Mohon tunggu...
afillahilda
afillahilda Mohon Tunggu... Mahasiswa - Mahasiswa Universitas Pamulang

hobi saya menulis

Selanjutnya

Tutup

Ilmu Sosbud

Melihat Pancasila sebagai Cermin

17 Desember 2022   05:50 Diperbarui: 17 Desember 2022   05:52 191
+
Laporkan Konten
Laporkan Akun
Kompasiana adalah platform blog. Konten ini menjadi tanggung jawab bloger dan tidak mewakili pandangan redaksi Kompas.
Lihat foto
Bagikan ide kreativitasmu dalam bentuk konten di Kompasiana | Sumber gambar: Freepik

Dalam ranah sastra, cermin memiliki arti lain yaitu mimesis. Mimesis berarti tiruan atas perilaku atau peristiwa antara manusia satu dengan manusia lainnya. Hal ini dapat disetarakan bahwa gagasan pun merupakan tiruan dari sebuah perilaku atau peristiwa yang berasal dari manusia satu dengan manusia lain, begitu pun sebaliknya.

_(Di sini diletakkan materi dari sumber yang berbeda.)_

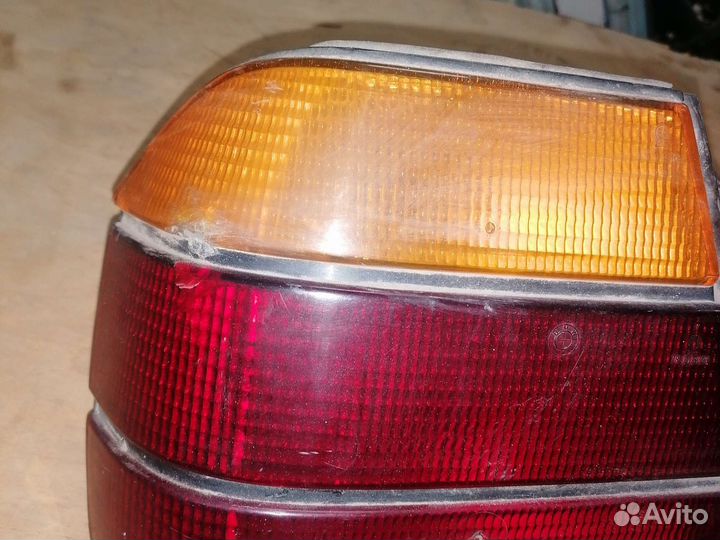 Фонарь задние левый бмв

Mimesis merupakan sebuah bentuk dari karya seni. Baik itu seni berbahasa, gambar, musik, tari, atau yang lainnya. Mohammad Angga Saputro, berdasarkan buku yang ditulisnya menjelaskan bahwa para penganut teori mimesis pada prinsipnya meyakini bahwa karya seni adalah pencerminan, peniruan, atau pembayangan realitas.

Pada prinsip lain yang masih bersangkutan, gagasan merupakan sebuah produk imajinasi yang dapat dialih-bentukkan menjadi bahasa, gambar, musik, tari, dan lain sebagainya. Dengan itu, dapat kita tarik lurus berdasarkan teori mimesis tersebut bahwa berarti Pancasila merupakan suatu produk bahasa yang dibuat oleh para pencetusnya.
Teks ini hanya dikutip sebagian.